É importante observar, como diz o geógrafo britânico David Harvey, que a pandemia do novo coronavírus é uma pandemia de classe, de gênero e de raça, cujos efeitos perversos não se distribuem de maneira equilibrada pelo conjunto da população. Muito ao contrário, expõem de forma brutal as desigualdades econômicas, de gênero e de classe no Brasil e no mundo. O vírus chegou ao país de avião. A primeira morte ocorrida no Rio de Janeiro foi justamente de uma trabalhadora doméstica, contaminada por sua empregadora, que havia chegado recentemente de uma viagem à Itália. Daí em diante, não só no Rio de Janeiro, como em todo país, o coronavírus se espalhou com uma velocidade incontrolada, especialmente em favelas, bairros de periferia e áreas de habitação precária, em que era impossível praticar o isolamento social. O número de pessoas que vivem na linha da pobreza ou abaixo no Brasil triplicou durante a pandemia. Há um imenso contingente de brasileiros passando fome e milhões desempregados. Perto de 2 milhões de vagas de emprego doméstico foram perdidas nesse período da pandemia. Ao todo, eram 6,4 milhões de pessoas empregadas em serviços domésticos no final de 2019 e esse número caiu para 4,9 milhões no final de 2020. O caso de Miguel Otávio, criança de cinco anos de idade que morreu no Recife após cair 35 metros de altura do prédio de classe média alta da patroa de sua mãe, que havia levado o cachorro da família para passear, é tristemente eloquente para denunciar as relações de poder que atravessam o trabalho doméstico no Brasil. Por isso dedicamos o livro a Miguel, Mirtes e Marta, sua mãe e avó. E também a todas as trabalhadoras domésticas do país.

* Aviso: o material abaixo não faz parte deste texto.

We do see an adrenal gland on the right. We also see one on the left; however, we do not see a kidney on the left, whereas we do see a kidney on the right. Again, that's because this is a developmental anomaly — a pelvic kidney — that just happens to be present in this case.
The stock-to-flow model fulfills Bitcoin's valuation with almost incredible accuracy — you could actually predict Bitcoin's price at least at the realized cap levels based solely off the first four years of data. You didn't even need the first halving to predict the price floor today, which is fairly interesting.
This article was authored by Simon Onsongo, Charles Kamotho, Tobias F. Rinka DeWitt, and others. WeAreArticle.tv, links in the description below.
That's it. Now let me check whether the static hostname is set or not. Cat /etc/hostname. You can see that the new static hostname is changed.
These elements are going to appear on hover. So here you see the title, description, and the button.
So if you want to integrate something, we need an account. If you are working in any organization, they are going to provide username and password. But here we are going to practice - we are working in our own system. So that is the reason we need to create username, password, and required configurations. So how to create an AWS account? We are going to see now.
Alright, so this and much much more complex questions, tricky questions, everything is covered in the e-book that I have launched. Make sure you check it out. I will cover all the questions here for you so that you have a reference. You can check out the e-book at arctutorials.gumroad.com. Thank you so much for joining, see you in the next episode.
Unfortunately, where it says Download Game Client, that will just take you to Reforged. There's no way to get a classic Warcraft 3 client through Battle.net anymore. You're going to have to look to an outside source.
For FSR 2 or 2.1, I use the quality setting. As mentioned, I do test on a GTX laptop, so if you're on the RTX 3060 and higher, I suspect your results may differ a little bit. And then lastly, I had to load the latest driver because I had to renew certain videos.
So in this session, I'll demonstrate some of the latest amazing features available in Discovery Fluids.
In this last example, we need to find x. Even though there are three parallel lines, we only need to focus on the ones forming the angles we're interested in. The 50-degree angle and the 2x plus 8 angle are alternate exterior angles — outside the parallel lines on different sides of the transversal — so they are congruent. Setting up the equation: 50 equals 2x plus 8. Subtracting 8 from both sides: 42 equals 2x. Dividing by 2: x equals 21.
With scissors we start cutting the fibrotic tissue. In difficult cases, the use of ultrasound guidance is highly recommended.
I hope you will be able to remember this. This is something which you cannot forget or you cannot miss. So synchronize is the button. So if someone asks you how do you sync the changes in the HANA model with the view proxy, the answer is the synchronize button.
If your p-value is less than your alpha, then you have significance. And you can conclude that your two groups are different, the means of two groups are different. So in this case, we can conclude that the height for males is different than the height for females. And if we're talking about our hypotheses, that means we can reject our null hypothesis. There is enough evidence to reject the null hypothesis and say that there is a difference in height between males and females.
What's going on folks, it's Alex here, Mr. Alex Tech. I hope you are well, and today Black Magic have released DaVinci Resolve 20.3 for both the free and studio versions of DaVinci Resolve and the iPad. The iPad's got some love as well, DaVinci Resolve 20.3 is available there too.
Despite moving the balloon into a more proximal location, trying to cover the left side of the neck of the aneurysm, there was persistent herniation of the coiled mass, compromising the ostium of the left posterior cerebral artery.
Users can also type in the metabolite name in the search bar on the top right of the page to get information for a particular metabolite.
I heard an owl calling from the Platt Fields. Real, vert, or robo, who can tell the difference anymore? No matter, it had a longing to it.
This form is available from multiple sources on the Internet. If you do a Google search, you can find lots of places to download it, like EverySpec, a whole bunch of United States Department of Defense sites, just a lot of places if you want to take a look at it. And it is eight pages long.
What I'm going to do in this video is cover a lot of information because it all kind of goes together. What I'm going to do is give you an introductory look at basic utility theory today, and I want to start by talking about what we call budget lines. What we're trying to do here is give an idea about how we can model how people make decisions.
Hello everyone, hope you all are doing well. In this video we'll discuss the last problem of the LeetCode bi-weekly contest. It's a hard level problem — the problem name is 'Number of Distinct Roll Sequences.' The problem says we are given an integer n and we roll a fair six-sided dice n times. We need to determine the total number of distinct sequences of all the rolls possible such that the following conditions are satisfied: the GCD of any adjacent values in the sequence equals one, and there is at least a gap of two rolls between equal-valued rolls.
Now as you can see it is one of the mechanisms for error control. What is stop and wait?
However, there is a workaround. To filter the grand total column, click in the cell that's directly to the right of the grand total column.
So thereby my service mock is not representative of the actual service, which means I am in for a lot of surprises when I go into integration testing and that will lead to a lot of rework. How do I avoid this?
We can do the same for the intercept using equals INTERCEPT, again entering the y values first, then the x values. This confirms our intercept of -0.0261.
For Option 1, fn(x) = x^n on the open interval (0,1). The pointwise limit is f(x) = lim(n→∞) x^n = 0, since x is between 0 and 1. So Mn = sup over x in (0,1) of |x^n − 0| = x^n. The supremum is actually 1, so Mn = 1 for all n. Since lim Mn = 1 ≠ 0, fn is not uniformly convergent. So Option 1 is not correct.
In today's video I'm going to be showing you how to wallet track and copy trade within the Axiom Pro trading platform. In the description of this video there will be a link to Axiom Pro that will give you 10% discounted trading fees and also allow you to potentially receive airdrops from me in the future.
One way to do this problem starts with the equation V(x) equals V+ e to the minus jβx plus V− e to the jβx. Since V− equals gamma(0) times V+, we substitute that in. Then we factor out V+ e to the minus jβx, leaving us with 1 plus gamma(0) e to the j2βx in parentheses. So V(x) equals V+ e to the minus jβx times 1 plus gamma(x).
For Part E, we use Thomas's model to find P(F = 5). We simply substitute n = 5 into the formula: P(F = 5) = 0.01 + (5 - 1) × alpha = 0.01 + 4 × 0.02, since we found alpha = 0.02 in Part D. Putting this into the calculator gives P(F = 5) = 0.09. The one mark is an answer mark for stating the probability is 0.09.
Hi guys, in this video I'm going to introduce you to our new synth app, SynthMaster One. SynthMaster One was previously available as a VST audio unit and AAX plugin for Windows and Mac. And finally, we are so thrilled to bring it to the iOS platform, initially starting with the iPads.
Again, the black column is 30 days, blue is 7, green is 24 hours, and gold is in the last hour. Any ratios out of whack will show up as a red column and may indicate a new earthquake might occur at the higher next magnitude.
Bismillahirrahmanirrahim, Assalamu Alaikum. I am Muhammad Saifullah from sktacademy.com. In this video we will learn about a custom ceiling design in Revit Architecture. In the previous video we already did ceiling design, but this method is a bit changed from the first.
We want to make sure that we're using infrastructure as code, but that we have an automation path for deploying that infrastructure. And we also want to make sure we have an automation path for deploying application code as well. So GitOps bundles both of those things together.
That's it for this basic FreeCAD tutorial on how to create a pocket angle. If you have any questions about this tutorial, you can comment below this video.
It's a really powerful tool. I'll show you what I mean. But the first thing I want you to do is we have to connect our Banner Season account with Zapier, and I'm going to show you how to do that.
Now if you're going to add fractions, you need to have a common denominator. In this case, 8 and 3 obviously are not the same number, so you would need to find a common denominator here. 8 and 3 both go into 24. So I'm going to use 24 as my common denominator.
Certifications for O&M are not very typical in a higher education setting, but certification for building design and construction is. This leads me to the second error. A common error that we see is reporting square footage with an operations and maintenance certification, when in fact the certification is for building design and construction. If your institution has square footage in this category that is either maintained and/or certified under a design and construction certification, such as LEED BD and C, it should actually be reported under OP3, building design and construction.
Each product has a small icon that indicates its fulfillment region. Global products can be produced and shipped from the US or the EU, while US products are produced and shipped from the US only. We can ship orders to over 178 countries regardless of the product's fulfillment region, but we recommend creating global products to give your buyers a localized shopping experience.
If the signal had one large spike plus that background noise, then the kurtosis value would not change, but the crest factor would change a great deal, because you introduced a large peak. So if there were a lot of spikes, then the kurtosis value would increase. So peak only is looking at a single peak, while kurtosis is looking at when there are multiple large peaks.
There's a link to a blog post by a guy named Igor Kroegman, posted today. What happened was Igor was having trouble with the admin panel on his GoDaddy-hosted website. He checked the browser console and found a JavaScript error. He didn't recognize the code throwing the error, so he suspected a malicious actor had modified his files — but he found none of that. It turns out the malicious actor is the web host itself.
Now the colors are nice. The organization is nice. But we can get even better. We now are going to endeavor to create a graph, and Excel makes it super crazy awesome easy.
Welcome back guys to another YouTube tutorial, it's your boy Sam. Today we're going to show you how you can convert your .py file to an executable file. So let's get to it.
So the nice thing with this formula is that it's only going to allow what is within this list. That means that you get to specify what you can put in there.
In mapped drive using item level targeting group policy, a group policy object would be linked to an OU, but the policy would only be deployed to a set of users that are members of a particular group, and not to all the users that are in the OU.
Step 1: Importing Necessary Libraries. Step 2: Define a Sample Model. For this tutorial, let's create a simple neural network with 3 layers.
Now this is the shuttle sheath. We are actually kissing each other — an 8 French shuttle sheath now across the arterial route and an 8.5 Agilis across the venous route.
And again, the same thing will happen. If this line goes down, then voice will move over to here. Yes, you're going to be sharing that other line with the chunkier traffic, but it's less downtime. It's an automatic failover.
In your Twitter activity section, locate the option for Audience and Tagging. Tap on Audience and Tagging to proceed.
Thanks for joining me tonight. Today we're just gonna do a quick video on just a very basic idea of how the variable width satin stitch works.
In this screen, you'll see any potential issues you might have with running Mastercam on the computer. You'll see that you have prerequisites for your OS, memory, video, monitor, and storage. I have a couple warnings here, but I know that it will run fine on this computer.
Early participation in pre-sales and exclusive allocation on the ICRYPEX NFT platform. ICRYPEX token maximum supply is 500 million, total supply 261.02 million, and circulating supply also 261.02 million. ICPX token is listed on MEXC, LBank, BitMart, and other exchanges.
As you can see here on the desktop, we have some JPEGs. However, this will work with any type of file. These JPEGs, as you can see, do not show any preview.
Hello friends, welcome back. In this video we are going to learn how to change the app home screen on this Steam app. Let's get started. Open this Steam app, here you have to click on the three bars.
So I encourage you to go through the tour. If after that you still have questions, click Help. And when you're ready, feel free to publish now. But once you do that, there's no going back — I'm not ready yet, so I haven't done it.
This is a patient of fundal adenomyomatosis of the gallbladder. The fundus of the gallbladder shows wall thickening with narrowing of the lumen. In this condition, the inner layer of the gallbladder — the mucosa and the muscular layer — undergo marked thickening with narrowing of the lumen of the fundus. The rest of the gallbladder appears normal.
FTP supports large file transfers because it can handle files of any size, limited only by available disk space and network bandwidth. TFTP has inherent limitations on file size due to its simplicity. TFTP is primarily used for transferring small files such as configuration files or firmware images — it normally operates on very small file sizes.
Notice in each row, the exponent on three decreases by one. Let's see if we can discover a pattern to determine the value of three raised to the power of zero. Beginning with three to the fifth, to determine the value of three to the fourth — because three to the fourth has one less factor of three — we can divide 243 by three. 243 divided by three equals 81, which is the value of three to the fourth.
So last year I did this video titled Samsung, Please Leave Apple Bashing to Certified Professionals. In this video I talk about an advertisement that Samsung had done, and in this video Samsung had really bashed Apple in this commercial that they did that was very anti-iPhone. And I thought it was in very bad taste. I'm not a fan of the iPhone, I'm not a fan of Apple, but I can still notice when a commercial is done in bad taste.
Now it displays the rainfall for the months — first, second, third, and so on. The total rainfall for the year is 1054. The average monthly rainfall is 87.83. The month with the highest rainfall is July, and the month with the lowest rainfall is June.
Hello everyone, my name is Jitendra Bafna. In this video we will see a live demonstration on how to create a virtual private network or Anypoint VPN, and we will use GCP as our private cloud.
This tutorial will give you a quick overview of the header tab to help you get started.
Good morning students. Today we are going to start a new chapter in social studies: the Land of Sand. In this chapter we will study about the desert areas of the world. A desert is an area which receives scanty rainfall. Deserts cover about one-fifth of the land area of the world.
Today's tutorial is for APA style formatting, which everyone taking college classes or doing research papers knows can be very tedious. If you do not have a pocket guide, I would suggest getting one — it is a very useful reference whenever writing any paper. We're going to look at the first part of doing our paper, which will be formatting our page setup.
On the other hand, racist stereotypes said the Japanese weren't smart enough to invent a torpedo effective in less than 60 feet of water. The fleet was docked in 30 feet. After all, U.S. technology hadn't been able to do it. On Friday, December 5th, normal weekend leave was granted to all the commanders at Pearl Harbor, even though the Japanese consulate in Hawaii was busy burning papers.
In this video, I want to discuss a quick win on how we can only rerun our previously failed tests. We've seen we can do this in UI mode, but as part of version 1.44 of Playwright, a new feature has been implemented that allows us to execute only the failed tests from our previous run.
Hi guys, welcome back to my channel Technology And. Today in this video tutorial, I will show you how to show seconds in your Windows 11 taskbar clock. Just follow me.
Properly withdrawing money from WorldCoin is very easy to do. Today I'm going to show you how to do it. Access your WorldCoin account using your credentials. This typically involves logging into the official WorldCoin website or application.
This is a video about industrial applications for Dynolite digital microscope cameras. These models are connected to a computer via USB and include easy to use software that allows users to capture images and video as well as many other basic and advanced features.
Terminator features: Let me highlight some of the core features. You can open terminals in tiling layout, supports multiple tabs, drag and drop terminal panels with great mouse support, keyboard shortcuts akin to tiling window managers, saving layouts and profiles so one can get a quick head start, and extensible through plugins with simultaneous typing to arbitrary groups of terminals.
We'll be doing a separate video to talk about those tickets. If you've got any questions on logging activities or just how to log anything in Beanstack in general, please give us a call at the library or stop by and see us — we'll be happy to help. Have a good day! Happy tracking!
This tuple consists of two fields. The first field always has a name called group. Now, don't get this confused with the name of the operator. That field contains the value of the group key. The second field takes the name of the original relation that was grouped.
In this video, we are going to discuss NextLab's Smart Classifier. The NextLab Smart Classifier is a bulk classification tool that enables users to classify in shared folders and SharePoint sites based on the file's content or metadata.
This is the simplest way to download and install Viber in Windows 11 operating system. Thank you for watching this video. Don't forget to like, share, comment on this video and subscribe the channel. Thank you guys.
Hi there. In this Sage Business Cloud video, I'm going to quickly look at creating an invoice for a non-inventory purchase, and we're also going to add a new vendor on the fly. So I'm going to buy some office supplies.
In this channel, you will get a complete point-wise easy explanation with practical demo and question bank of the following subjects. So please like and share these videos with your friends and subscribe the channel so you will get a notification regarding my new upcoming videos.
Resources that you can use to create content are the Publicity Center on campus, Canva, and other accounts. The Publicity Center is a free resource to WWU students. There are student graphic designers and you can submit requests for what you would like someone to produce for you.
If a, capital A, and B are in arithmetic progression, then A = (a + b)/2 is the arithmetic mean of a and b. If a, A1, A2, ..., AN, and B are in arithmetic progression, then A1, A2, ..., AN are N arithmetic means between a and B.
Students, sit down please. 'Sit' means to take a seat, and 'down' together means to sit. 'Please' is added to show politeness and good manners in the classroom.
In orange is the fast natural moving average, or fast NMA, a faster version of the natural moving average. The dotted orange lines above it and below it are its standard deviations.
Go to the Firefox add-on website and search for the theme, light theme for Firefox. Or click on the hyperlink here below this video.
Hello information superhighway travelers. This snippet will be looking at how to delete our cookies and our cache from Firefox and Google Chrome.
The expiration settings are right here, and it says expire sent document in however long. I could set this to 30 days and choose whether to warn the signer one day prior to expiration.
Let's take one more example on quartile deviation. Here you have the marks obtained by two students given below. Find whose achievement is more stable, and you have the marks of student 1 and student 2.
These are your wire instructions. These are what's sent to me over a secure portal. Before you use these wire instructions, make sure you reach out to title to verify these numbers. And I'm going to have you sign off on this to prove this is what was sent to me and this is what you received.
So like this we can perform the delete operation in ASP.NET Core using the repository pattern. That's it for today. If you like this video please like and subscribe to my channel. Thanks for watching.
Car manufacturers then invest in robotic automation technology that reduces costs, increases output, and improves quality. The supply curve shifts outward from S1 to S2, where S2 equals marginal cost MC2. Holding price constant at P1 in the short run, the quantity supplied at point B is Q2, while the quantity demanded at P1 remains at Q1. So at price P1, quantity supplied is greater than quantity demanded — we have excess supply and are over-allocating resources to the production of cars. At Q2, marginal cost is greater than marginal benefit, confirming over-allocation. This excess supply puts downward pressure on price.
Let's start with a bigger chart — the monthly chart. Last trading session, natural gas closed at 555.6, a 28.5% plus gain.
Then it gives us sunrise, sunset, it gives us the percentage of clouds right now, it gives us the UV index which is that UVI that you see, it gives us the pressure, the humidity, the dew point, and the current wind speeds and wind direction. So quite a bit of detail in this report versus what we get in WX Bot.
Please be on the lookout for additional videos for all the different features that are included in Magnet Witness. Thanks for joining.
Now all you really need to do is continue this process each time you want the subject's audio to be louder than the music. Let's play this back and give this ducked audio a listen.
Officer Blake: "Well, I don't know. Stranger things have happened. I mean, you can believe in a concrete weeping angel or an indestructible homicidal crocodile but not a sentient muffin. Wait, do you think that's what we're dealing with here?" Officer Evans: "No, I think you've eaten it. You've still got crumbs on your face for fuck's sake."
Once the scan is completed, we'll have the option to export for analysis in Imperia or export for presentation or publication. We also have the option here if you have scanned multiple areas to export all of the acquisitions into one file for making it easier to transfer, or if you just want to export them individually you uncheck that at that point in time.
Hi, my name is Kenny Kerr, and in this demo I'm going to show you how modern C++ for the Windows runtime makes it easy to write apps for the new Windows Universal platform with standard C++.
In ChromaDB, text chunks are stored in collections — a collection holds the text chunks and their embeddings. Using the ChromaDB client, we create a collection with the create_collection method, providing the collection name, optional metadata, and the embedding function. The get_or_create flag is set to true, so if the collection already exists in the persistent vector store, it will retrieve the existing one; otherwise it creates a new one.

G |O livro tem três capítulos com relatos de trabalhadoras domésticas. O que elas revelaram para vocês pesquisadoras para além das estatísticas?

RSB |

Essa foi uma escolha epistêmica que fizemos, ter as trabalhadoras domésticas como autoras no livro. Quando digo isso é porque, no âmbito das ciências sociais e humanas, há um longo debate sobre que tipo de relação devemos estabelecer com nossos sujeitos de pesquisa, se falar sobre eles e elas ou falar com eles e elas. Evidentemente comungamos dessa segunda postura. É preciso entender que não dá para falar somente sobre as trabalhadoras domésticas sem amplificar e deixar ecoar a sua própria voz, trazendo-as ao primeiro plano. Ao fazermos essa escolha, pudemos ter contato com a percepção de mundo, de si e de seu trabalho a partir delas mesmas. E disso resultou um quadro muito rico, em que elas compartilham memórias muito dolorosas daquilo que viveram ao longo de décadas como trabalhadoras domésticas, como violência sexual no interior das casas em que trabalhavam. Mas também, e isso é o lado que nos faz ter esperança, histórias de muita luta e de consciência de classe, de insurgência contra a exploração de seu trabalho. Graças a isso é que elas conquistaram, depois de muito esforço, a regulamentação de seu trabalho pela chamada “PEC das Domésticas”, de 2013, e pela lei complementar 150 de 2015.

G |No país que tem mais de 6 milhões de trabalhadoras domésticas, só a partir de 2013, com a PEC das Domésticas, elas tiveram algum tipo de regulamentação –ainda assim, uma parcela menor tem carteira assinada. Não é contraditório que um serviço por vezes considerado “essencial” não o seja na hora de garantir direitos?

RSB |

Não só é contraditório, como é inadmissível. Se a gente considerar que a CLT (Consolidação das Leis Trabalhistas) é de 1943, é inevitável a pergunta: por que só em 2015, mais de 70 anos depois, é que o trabalho doméstico foi regulamentado? Esse abismo de tempo é por si só revelador do quanto essa forma de trabalho foi vilipendiada ao longo do tempo no país.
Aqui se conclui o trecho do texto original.